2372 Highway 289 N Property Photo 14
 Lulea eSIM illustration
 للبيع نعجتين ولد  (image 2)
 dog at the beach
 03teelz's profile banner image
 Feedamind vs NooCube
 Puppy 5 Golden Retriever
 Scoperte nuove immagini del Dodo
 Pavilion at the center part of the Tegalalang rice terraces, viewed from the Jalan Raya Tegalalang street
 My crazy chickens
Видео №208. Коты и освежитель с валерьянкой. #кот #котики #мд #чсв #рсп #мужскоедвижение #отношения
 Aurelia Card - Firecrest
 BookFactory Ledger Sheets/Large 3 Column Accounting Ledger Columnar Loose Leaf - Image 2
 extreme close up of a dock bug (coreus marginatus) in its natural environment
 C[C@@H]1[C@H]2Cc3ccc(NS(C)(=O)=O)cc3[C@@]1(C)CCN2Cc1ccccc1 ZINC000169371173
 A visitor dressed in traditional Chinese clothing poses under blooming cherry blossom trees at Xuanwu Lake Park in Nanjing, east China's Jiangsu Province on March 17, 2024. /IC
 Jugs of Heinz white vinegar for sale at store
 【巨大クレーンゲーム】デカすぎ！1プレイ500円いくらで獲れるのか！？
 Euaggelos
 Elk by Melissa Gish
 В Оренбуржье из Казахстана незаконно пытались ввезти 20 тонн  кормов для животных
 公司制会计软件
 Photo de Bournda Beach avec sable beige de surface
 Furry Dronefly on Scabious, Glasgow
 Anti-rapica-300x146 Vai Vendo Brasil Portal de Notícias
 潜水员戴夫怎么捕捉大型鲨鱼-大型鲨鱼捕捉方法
+===+
● PROBLEM TO SOLVE:
Quote the listing word for word from its first line through the line in which "extreme close up" appears.

● TASK RESPONSE:
2372 Highway 289 N Property Photo 14
 Lulea eSIM illustration
 للبيع نعجتين ولد  (image 2)
 dog at the beach
 03teelz's profile banner image
 Feedamind vs NooCube
 Puppy 5 Golden Retriever
 Scoperte nuove immagini del Dodo
 Pavilion at the center part of the Tegalalang rice terraces, viewed from the Jalan Raya Tegalalang street
 My crazy chickens
Видео №208. Коты и освежитель с валерьянкой. #кот #котики #мд #чсв #рсп #мужскоедвижение #отношения
 Aurelia Card - Firecrest
 BookFactory Ledger Sheets/Large 3 Column Accounting Ledger Columnar Loose Leaf - Image 2
 extreme close up of a dock bug (coreus marginatus) in its natural environment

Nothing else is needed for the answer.